[Image-caption web data]
++++++

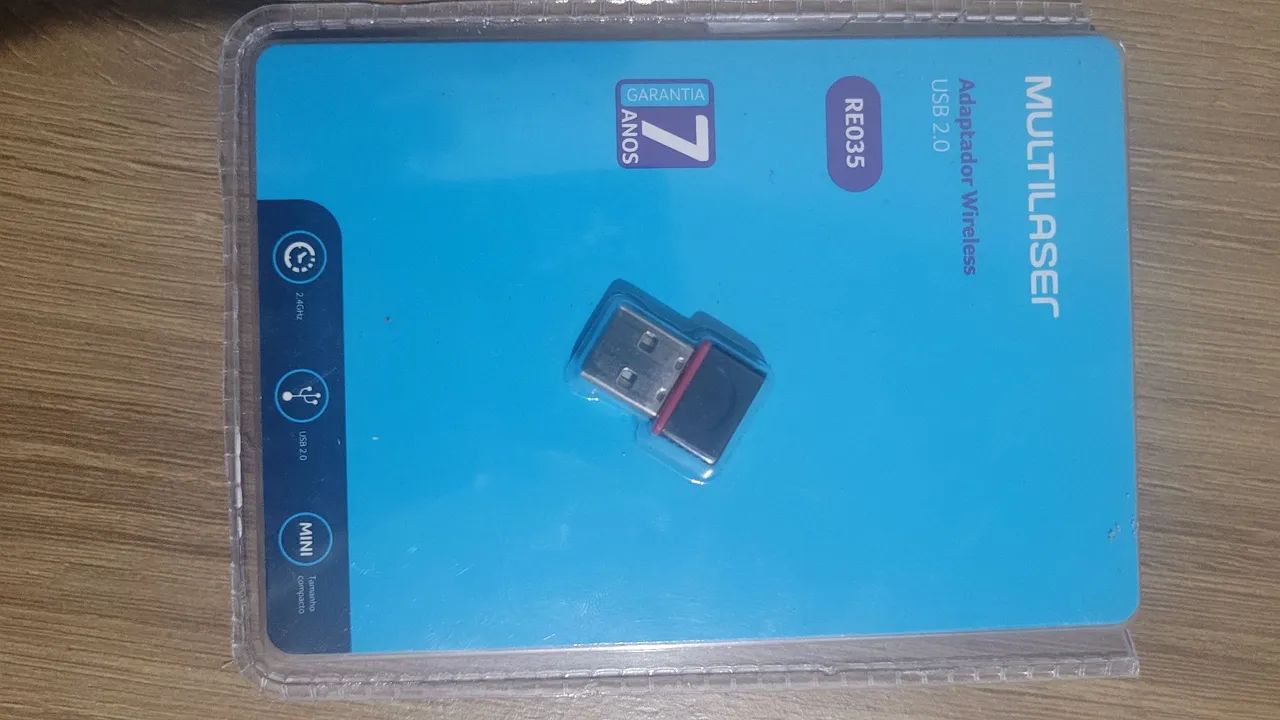 Adaptador Wireless USB 2.0 RE035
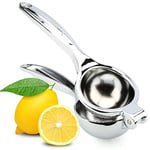 H&s® Manual Lemon Squeezer - Heavy Duty - Juice Extractor Single Press Hand Lime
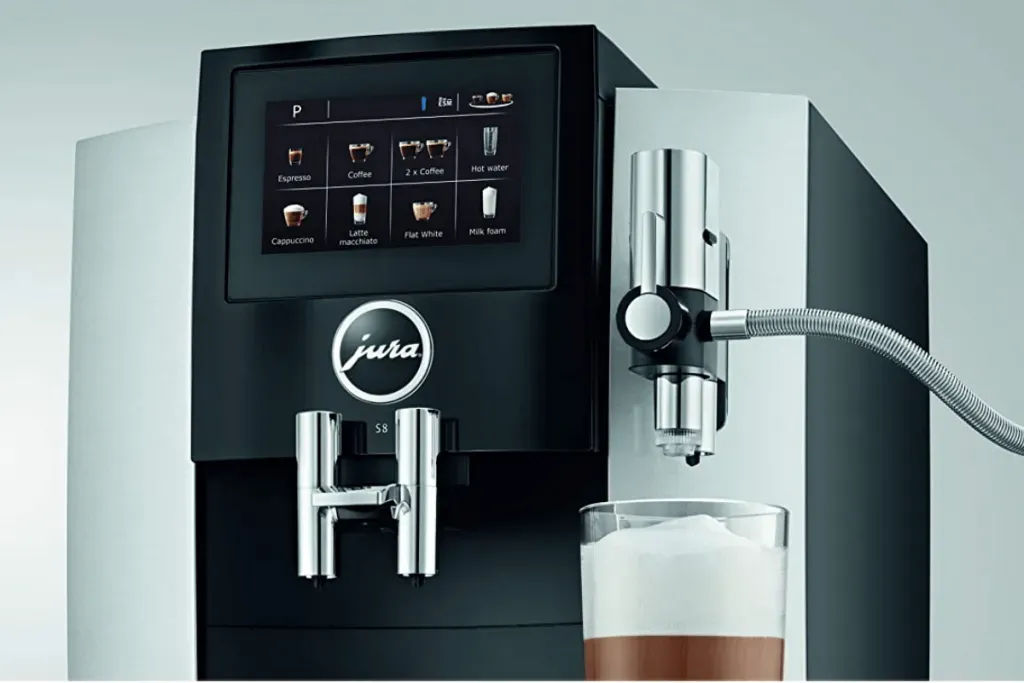 Jura S8 Automatic Coffee and Espresso Machine product photo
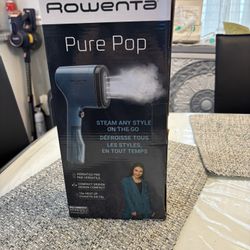 Rowena Pure Pop Handheld Steamer — Compact Power for Clothes
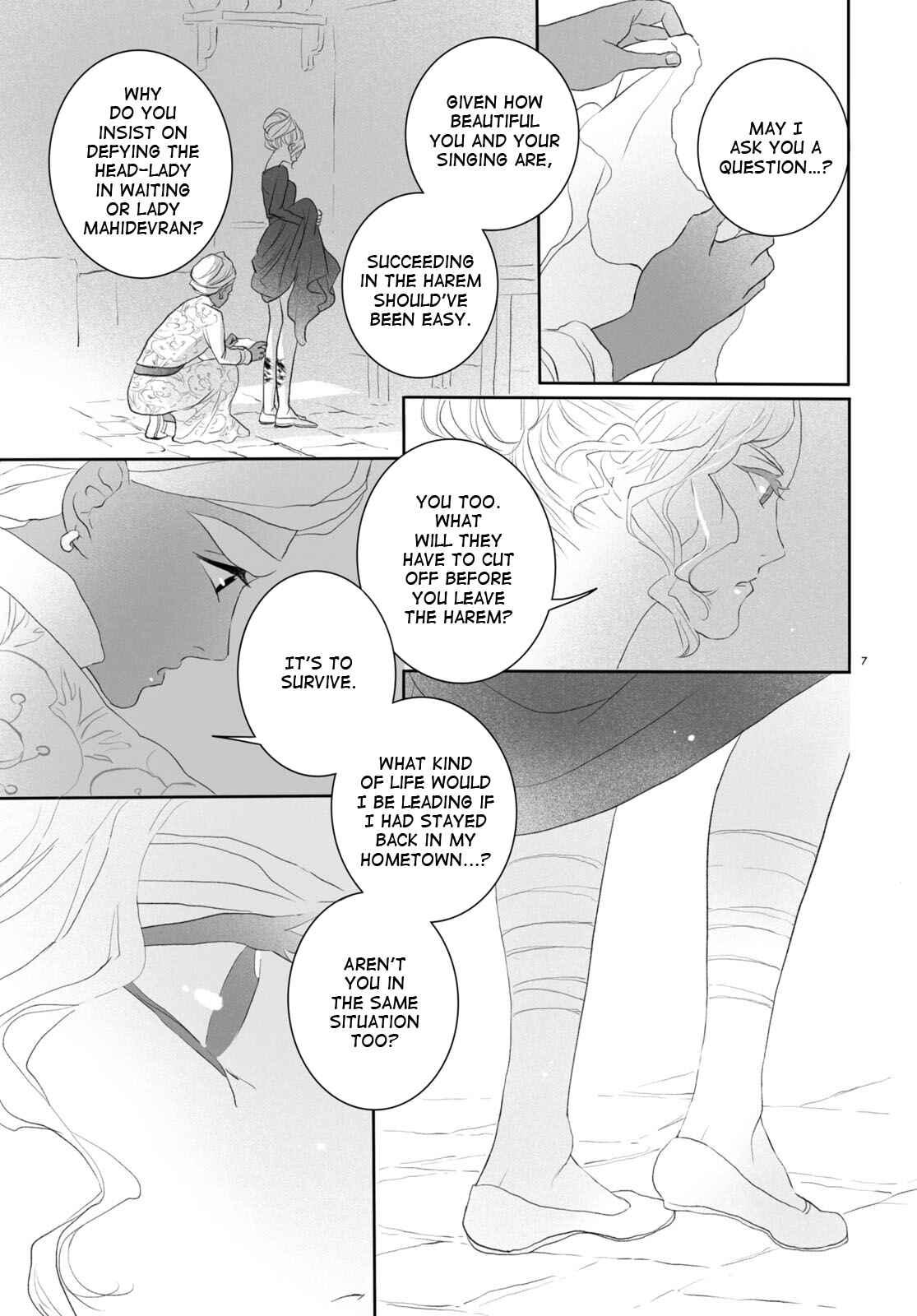 Page 7 Chapter 3 Odalisque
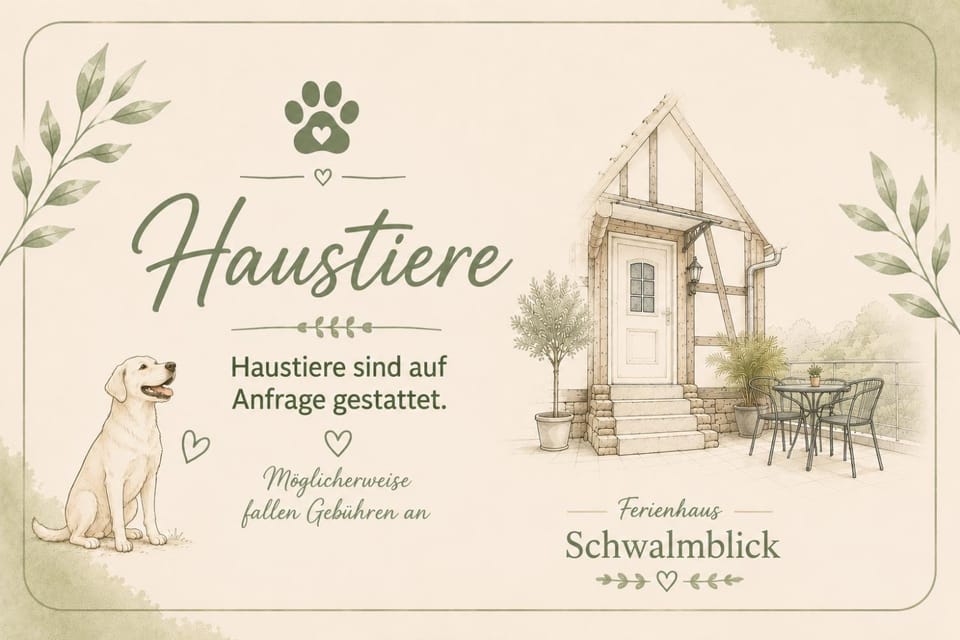 Ferienhaus Schwalmblick House in Hesse
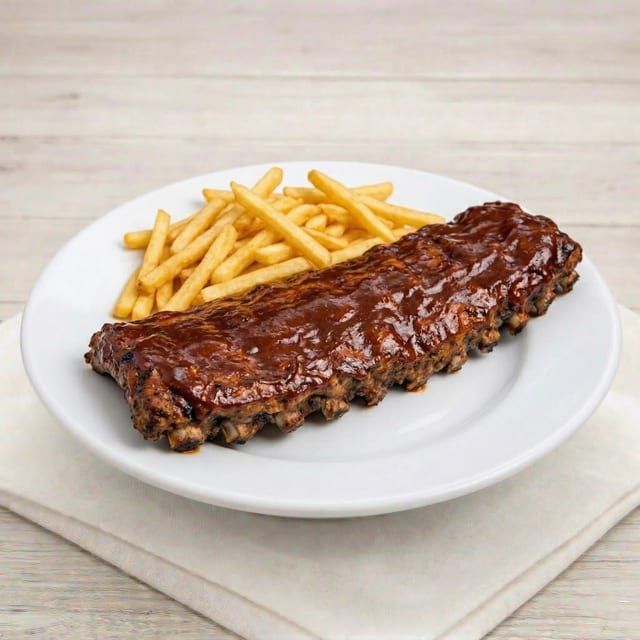 BBQ Ribs.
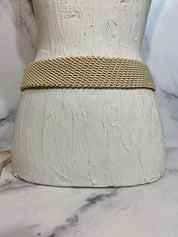 Handmade Macrame Boho Belt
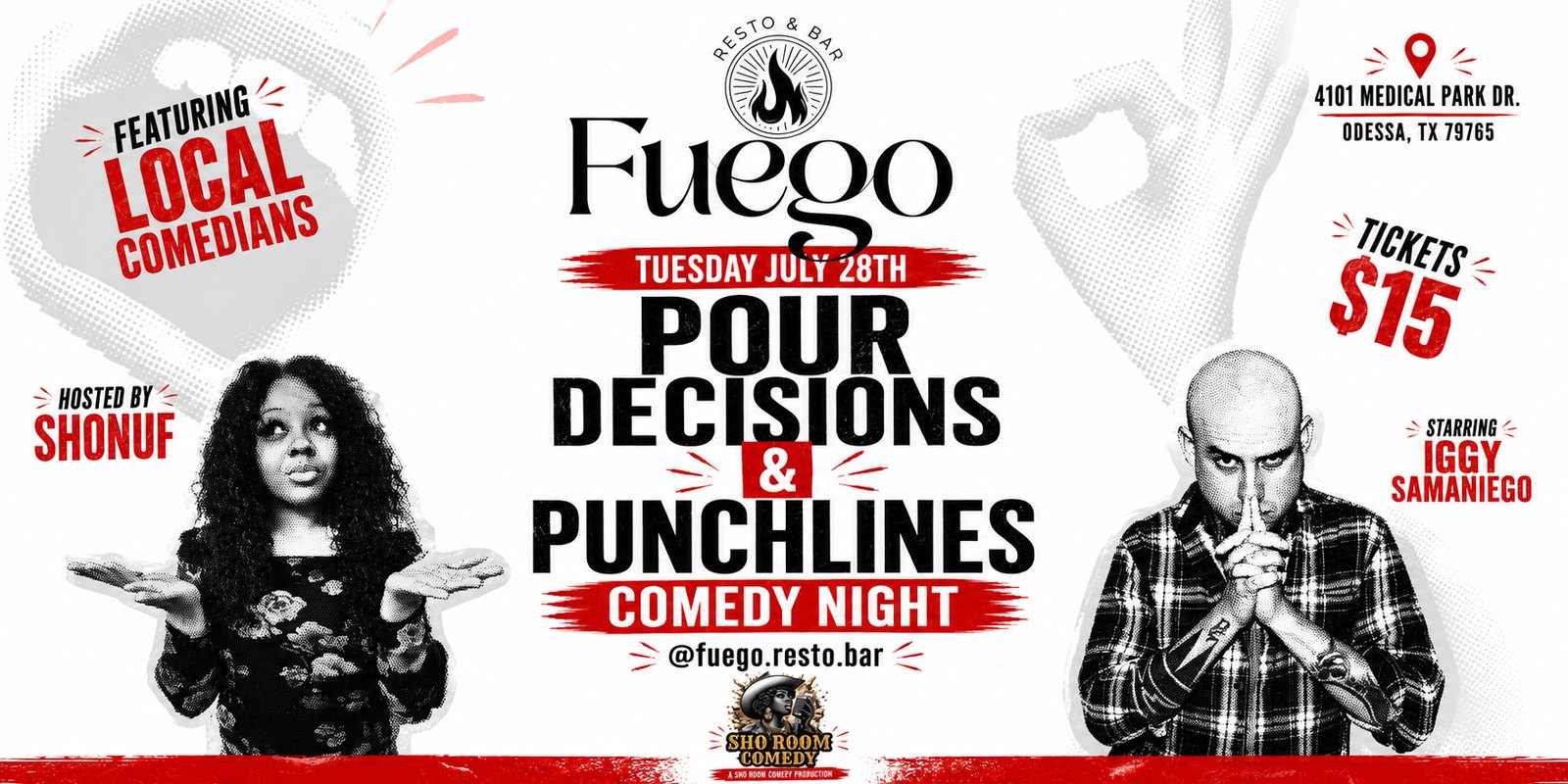 Pour Decisions & Punchlines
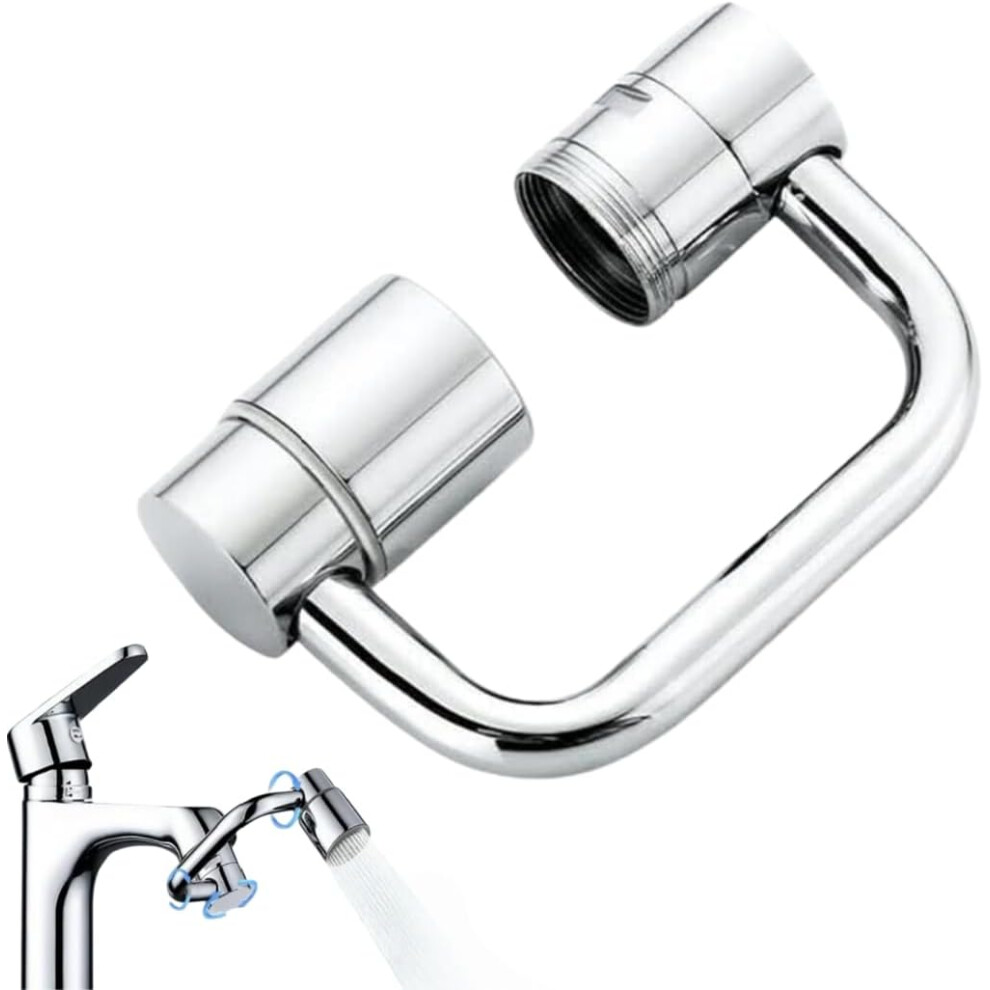 1080 Swivel Faucet Extender Adapter - 360 Rotatable 2 Mode Sink Tap 3233222766868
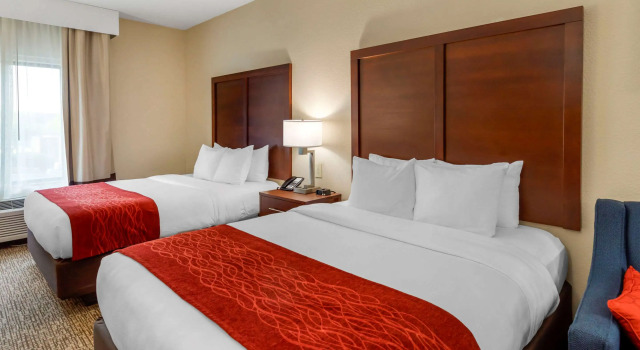 Четырёхместный люкс Comfort Inn & Suites Canton Riverstone Area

++++++

**PROBLEM DESCRIPTION**.
Copy the lines starting at the line that contains "H&s® Manual Lemon" and running to the final line of the entries, inclusive; omit all pictures.

**ANSWER TO THE PROBLEM**.
 H&s® Manual Lemon Squeezer - Heavy Duty - Juice Extractor Single Press Hand Lime
 Jura S8 Automatic Coffee and Espresso Machine product photo
 Rowena Pure Pop Handheld Steamer — Compact Power for Clothes
 Page 7 Chapter 3 Odalisque
 Ferienhaus Schwalmblick House in Hesse
 BBQ Ribs.
 Handmade Macrame Boho Belt
 Pour Decisions & Punchlines
 1080 Swivel Faucet Extender Adapter - 360 Rotatable 2 Mode Sink Tap 3233222766868
 Четырёхместный люкс Comfort Inn & Suites Canton Riverstone Area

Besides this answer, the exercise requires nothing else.